TASK OBJECTIVE: What do the lines say from the start of the entries through the one containing "Grandes roses, saumon 1 X24 pcs - Ø 50 mm"? Repeat them exactly.

Dataset records:

══════════════════════════════

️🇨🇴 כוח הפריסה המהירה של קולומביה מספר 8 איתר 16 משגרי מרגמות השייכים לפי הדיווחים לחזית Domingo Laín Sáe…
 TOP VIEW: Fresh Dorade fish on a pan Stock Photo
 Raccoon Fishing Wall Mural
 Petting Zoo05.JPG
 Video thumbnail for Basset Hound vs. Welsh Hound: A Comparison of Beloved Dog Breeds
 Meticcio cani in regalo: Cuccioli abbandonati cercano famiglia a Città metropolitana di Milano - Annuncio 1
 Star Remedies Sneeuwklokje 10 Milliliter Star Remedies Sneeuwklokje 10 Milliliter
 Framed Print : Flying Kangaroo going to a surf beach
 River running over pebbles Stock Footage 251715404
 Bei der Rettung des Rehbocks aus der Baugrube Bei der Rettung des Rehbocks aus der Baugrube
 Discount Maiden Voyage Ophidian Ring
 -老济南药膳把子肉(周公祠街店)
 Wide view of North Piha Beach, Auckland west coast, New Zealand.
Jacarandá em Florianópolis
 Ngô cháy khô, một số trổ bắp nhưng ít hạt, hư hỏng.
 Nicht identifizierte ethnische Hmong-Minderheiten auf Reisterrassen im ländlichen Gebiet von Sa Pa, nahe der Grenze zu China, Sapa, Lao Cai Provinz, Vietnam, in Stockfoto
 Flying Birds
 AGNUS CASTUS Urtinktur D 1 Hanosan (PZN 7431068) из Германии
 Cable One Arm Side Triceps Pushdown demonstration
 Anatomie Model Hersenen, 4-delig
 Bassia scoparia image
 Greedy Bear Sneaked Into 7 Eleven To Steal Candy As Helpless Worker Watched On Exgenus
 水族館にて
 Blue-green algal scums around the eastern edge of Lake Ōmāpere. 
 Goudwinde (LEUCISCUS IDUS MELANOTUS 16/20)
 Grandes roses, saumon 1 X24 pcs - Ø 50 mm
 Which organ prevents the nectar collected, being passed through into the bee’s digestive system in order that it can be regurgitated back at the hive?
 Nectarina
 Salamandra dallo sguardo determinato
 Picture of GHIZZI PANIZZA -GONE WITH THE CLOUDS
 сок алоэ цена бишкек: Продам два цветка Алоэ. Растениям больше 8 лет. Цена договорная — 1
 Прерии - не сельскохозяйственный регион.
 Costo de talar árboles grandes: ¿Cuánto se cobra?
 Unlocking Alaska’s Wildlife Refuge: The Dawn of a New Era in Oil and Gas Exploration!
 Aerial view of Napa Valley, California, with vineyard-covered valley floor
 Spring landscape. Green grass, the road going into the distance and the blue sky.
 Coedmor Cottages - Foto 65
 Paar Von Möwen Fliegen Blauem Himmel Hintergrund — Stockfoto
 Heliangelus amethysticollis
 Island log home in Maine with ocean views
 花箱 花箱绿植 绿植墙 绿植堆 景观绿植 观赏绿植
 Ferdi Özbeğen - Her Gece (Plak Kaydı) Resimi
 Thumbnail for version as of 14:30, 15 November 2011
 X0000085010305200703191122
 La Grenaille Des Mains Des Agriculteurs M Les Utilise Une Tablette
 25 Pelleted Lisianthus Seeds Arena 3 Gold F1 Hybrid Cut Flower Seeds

══════════════════════════════

ANSWER FOR THE TASK:
️🇨🇴 כוח הפריסה המהירה של קולומביה מספר 8 איתר 16 משגרי מרגמות השייכים לפי הדיווחים לחזית Domingo Laín Sáe…
 TOP VIEW: Fresh Dorade fish on a pan Stock Photo
 Raccoon Fishing Wall Mural
 Petting Zoo05.JPG
 Video thumbnail for Basset Hound vs. Welsh Hound: A Comparison of Beloved Dog Breeds
 Meticcio cani in regalo: Cuccioli abbandonati cercano famiglia a Città metropolitana di Milano - Annuncio 1
 Star Remedies Sneeuwklokje 10 Milliliter Star Remedies Sneeuwklokje 10 Milliliter
 Framed Print : Flying Kangaroo going to a surf beach
 River running over pebbles Stock Footage 251715404
 Bei der Rettung des Rehbocks aus der Baugrube Bei der Rettung des Rehbocks aus der Baugrube
 Discount Maiden Voyage Ophidian Ring
 -老济南药膳把子肉(周公祠街店)
 Wide view of North Piha Beach, Auckland west coast, New Zealand.
Jacarandá em Florianópolis
 Ngô cháy khô, một số trổ bắp nhưng ít hạt, hư hỏng.
 Nicht identifizierte ethnische Hmong-Minderheiten auf Reisterrassen im ländlichen Gebiet von Sa Pa, nahe der Grenze zu China, Sapa, Lao Cai Provinz, Vietnam, in Stockfoto
 Flying Birds
 AGNUS CASTUS Urtinktur D 1 Hanosan (PZN 7431068) из Германии
 Cable One Arm Side Triceps Pushdown demonstration
 Anatomie Model Hersenen, 4-delig
 Bassia scoparia image
 Greedy Bear Sneaked Into 7 Eleven To Steal Candy As Helpless Worker Watched On Exgenus
 水族館にて
 Blue-green algal scums around the eastern edge of Lake Ōmāpere. 
 Goudwinde (LEUCISCUS IDUS MELANOTUS 16/20)
 Grandes roses, saumon 1 X24 pcs - Ø 50 mm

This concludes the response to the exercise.